SA yang diketahui merupakan Pegawai Pemerintah dengan Perjanjian Kerja (PPPK) dan menjabat wali kelas 2B, disebut-sebut membuat perjanjian kelas tanpa persetujuan sekolah maupun wali murid. Salah satu pasal dalam aturan tersebut menyatakan bahwa siswa yang tidak hadir selama tiga hari berturut-turut karena sakit akan langsung dikeluarkan dari sekolah.
Kebijakan itu memicu keresahan para orang tua. Salah satunya, Emilia (40), mengaku kecewa berat karena anaknya yang tengah sakit terancam dikeluarkan dari sekolah. “Saya sangat kecewa dan tidak terima dengan peraturan yang dibuat oleh guru itu karena sangat otoriter. Anak saya tiga hari tidak masuk sekolah karena sakit, tapi guru itu tidak ada toleransi dan ingin memberhentikan anak saya,” ujarnya, Jumat (25/7/2025).
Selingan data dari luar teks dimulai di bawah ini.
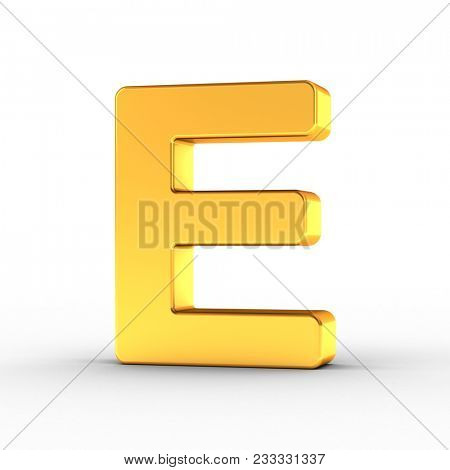 3D Illustration of the Letter E as a polished golden object over white background with clipping path for quick and accurate isolation.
Ketika diminta kebijakan oleh wali murid, SA justru mengaku sebagai keluarga Bupati OKU, Teddy Meilwansyah. Hal ini makin menyulut kemarahan orang tua siswa yang merasa tidak mendapat perlakuan adil.
Merasa tidak menemukan solusi, sejumlah wali murid akhirnya melapor ke Kepala SDN 01 OKU serta langsung ke Dinas Pendidikan Kabupaten OKU.
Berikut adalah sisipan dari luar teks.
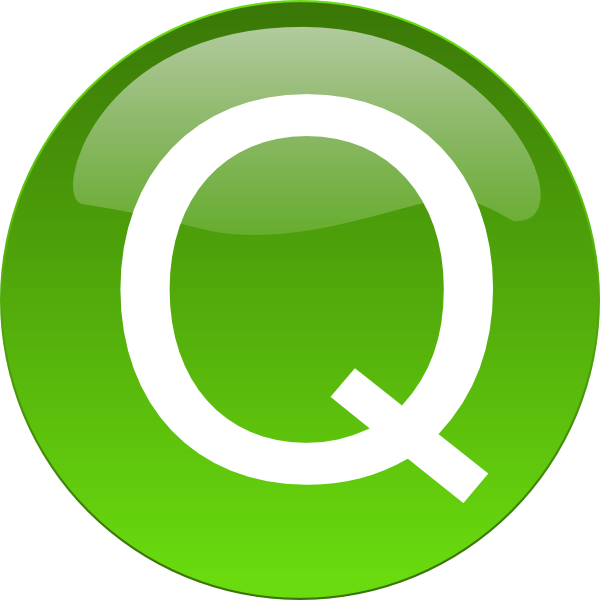 A Green Button With A White Letter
Kepala Sekolah Drs Amrullah, S.Pd., MM, membenarkan bahwa aturan tersebut memang dibuat oleh SA. Namun ia menyatakan bahwa guru bersangkutan tidak pernah menyampaikan isi perjanjian tersebut ke pihak sekolah. “Benar, itu perjanjian yang dibuat wali kelas 2B, ibu SA. Salah satu poinnya menyebutkan murid yang tidak masuk selama tiga hari karena sakit akan dikeluarkan. Tapi sampai sekarang SA belum menyampaikan perjanjian itu ke saya, sehingga saya belum bisa mengambil keputusan,” ujar Amrullah.
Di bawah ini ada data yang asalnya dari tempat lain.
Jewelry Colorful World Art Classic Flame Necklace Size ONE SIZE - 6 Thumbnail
Ia menambahkan bahwa setiap wali kelas memang diperbolehkan membuat perjanjian kelas untuk mendukung kedisiplinan, namun isi perjanjian harus dikonsultasikan terlebih dahulu dan tidak boleh melampaui batas kewenangan guru. “Perjanjian semestinya seperti larangan rambut panjang atau datang terlambat. Jika dilanggar, sanksinya seperti rambut dipotong atau orang tua dipanggil. Tapi untuk sanksi berat seperti dikeluarkan, itu di luar kewenangan wali kelas,” jelasnya.
Mengenai pengakuan SA sebagai keluarga bupati, Amrullah menyatakan bahwa informasi tersebut telah diketahui oleh sebagian besar guru di sekolah. “Kalau masalah itu, benar. 80 persen guru tahu SA itu keluarga bupati. Dia juga sering mengaku begitu,” katanya.
Dampak dari kebijakan SA juga disebut-sebut telah menimbulkan trauma pada sejumlah siswa. Seorang anak dari kelas 2B dikabarkan enggan masuk sekolah dan menolak berbicara saat diajak kembali belajar. “Setelah dibujuk dan dipindah ke kelas lain, barulah anak itu mau kembali bersekolah. Artinya, aturan itu sudah membuat anak-anak ketakutan,” ungkap Asbarudin, wali murid lainnya.